RESGATE aborda de forma nua e crua uma situação que parece não ter fim na vida real. Os raptos. Talvez por isso o crowdfunding para o filme tenha sido mais efetivo do que ser apoiado por marcas que não se querem associar ao maior tabu do país, mas que leva famílias de norte a sul ao desespero e são desembolsadas milionárias quantias em prol da liberdade! Antagónico, não é?
"Bruno", o protagonista e ator de primeira viagem revela-se um especialista em atividades criminosas. Com o seu ar contrariado, doce e perdido acaba por se tornar a peça principal dos raptos, o que contrasta com o speed do seu amigo de infância que o resgata para o seu novo ou velho presente.
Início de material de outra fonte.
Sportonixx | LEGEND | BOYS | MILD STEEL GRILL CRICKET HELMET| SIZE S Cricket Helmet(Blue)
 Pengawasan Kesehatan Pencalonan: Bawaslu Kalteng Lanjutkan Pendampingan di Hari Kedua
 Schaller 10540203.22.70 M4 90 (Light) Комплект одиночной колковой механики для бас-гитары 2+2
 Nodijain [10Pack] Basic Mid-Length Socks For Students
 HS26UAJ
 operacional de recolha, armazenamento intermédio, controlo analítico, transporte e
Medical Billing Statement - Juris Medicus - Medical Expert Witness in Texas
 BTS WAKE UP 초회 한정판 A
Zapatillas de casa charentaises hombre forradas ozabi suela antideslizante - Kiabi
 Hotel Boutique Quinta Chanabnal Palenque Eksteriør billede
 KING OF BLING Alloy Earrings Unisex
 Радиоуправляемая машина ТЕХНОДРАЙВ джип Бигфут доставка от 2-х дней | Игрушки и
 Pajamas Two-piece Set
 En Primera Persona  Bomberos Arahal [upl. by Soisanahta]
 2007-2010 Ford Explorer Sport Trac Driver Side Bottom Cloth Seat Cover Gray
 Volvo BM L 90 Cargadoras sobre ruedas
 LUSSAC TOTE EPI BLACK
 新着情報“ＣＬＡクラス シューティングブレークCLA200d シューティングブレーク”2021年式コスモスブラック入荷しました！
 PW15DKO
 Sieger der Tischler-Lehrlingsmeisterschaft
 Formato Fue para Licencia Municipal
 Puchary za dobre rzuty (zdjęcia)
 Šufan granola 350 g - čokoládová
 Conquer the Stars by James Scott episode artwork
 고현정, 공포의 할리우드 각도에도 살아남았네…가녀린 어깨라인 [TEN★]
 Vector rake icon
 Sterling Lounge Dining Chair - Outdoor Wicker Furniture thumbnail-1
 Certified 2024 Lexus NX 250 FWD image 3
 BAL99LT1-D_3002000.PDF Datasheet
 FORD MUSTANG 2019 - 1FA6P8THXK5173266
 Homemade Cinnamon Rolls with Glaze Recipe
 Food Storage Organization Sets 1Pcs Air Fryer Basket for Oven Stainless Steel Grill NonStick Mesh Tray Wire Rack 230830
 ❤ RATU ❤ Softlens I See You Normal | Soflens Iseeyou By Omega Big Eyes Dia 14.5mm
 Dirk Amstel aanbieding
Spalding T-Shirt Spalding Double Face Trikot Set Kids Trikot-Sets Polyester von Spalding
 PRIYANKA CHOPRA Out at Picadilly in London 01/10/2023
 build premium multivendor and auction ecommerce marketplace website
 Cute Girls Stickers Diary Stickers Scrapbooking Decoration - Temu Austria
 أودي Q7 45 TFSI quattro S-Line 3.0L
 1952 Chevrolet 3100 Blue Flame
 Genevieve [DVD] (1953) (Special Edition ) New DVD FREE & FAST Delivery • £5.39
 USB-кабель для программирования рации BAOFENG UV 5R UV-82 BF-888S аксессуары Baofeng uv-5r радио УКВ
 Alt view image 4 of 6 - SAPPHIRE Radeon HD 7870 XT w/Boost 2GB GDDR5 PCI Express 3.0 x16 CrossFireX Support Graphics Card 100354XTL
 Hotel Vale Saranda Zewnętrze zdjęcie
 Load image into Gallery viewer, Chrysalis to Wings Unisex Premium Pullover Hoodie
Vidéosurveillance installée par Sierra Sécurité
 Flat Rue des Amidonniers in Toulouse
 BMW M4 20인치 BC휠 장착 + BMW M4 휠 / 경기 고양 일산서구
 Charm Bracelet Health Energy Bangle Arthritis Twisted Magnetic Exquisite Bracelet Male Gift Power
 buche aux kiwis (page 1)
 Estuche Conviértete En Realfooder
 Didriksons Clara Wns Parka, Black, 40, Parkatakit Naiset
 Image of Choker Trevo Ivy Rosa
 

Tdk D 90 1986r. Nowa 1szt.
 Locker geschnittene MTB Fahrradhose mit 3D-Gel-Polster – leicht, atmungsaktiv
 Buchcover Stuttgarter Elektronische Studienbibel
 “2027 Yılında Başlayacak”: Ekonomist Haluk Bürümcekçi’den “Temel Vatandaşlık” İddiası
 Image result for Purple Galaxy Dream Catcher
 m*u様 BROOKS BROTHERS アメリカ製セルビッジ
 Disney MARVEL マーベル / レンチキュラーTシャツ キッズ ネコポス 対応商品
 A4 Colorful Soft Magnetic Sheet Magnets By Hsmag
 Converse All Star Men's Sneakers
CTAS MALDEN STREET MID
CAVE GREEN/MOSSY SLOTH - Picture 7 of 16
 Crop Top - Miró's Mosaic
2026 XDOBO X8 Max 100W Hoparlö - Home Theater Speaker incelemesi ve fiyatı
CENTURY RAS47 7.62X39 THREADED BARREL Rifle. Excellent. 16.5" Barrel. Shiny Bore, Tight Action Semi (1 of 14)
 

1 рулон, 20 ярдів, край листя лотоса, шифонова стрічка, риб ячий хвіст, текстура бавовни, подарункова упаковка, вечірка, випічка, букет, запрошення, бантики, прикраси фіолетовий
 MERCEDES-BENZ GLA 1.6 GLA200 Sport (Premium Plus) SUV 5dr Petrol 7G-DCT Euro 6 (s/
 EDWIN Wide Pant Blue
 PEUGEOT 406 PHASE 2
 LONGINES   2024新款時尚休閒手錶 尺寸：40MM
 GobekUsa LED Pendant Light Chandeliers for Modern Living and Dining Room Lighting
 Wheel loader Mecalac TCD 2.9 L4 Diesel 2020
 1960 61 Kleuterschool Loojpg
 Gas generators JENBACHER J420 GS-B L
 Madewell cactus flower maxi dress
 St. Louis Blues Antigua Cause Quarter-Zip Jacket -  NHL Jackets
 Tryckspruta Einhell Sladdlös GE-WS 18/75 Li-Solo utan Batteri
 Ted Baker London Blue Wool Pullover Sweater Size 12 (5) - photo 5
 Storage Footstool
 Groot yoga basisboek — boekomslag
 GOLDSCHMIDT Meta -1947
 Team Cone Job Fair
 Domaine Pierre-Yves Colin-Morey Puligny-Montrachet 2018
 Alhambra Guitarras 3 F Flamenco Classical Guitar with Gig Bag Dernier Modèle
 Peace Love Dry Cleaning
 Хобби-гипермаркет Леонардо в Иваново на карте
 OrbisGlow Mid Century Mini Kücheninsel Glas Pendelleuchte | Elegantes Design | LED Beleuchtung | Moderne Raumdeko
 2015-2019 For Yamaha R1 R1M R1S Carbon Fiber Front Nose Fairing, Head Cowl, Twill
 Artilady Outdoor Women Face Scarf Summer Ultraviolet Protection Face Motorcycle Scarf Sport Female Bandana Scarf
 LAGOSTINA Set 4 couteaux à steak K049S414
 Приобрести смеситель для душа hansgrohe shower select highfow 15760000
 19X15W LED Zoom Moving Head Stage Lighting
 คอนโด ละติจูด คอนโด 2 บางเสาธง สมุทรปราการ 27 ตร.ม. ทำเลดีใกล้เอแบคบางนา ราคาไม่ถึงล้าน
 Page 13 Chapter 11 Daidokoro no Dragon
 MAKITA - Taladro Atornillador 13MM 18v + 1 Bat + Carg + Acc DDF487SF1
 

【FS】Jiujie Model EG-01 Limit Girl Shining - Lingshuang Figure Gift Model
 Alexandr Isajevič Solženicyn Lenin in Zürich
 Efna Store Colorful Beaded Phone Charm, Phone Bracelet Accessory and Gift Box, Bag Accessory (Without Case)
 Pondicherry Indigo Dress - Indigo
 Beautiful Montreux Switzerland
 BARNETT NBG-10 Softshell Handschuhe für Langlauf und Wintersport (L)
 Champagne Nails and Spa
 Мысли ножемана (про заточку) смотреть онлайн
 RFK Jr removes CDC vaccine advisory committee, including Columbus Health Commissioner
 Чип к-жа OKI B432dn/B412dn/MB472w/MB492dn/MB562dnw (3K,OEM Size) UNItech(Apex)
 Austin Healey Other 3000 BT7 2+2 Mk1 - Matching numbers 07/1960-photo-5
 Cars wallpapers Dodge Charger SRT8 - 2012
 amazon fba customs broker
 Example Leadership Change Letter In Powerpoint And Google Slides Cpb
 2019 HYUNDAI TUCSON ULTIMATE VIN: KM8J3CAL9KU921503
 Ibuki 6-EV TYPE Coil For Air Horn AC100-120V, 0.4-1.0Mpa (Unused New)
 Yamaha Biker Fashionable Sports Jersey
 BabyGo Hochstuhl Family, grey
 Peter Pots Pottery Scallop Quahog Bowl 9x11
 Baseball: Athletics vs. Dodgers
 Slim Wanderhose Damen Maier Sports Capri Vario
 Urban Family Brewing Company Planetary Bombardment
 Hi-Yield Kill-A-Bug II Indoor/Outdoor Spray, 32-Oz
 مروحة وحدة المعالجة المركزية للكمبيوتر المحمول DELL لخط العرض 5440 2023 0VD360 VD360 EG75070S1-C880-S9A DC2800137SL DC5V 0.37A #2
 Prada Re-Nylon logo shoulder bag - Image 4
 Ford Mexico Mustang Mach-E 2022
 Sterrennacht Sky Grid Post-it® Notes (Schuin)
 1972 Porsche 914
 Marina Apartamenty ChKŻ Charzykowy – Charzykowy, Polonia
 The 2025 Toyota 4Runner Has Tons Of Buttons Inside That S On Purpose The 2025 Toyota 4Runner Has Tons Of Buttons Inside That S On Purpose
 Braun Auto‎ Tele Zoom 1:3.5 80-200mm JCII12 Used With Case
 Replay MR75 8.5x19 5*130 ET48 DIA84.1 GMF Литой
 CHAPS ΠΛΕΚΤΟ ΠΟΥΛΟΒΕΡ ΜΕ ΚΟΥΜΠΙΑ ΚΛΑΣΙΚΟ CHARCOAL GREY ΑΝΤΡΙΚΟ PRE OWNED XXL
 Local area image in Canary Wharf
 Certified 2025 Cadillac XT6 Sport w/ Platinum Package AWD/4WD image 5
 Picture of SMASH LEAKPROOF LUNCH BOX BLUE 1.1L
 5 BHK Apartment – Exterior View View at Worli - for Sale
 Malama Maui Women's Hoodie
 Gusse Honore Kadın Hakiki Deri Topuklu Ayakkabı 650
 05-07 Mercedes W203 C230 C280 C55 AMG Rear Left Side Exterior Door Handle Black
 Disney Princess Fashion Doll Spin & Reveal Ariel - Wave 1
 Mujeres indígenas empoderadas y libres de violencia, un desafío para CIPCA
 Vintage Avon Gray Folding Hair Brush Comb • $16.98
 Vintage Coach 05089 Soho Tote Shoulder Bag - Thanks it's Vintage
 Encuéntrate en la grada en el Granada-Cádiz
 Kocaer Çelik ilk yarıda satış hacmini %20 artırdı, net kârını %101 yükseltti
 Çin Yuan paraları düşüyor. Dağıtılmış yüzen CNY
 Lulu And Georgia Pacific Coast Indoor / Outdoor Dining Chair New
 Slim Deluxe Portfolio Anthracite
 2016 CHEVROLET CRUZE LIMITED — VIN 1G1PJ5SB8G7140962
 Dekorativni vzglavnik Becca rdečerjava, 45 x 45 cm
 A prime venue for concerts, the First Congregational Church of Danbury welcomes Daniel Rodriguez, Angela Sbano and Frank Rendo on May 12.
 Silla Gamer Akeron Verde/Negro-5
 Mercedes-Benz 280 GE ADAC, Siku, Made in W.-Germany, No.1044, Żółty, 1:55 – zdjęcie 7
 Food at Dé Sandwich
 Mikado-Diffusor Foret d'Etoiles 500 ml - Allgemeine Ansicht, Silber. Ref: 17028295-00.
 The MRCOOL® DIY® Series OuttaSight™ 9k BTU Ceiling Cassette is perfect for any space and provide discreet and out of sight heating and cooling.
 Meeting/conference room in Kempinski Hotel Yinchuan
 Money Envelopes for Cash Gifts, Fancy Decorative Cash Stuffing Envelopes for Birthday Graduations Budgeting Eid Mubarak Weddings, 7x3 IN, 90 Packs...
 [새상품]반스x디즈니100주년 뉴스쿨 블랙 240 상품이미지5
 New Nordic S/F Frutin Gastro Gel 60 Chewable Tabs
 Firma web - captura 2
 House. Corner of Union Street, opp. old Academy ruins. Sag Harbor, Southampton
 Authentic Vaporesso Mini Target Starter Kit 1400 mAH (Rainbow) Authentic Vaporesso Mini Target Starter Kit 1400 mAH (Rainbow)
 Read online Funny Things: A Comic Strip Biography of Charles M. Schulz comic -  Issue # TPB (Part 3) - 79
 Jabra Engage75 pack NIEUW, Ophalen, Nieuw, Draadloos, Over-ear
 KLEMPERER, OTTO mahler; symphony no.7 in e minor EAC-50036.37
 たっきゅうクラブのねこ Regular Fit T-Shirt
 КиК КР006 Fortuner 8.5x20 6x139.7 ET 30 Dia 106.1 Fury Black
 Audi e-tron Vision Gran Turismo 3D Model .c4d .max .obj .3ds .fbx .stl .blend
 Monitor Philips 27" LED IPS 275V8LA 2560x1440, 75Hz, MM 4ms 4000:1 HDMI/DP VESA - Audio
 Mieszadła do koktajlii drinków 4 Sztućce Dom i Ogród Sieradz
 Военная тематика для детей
Presente envenenado, já que a quadrilha que acompanha acaba por cometer erros de amador. À medida que a história se vai desenrolando na terra vermelha transporto-me para qualquer outra cidade europeia. Podia ser Paris e os seus arredores ou os Banlieues onde as oportunidades também são escassas e rapidamente a pressa pode ser fatal.
É o que me agarra ao filme. Mickey Fonseca mostrou o seu país, mas saiu dele. Não almeja o perfil hollywoodesco, mas é filme para salas de cinema em todo o mundo. A abordagem contemporânea e o slang/calão utilizado é local, mas o problema é global. Toca na ferida de uma globalização que não acompanha mentalidades.
Os diálogos e os momentos de humor fazem-nos relaxar no meio da tensão e a nós, moçambicanos, faz-nos sentir em casa. Posso arriscar que todos, um dia, conhecemos ou tivemos contato com uma das personagens deste filme e que já nos questionámos o porquê da escolha desse caminho.
A banda sonora pode ajudar a dar respostas, uma vez que foi produzida a dedo. Podemos chamar-lhe homemade. Detalhes que tornam RESGATE ainda mais especial. Juntam-se os temas de Azagaia, o rapper que coloca o Povo no Poder, pois é do Povo que se fala.”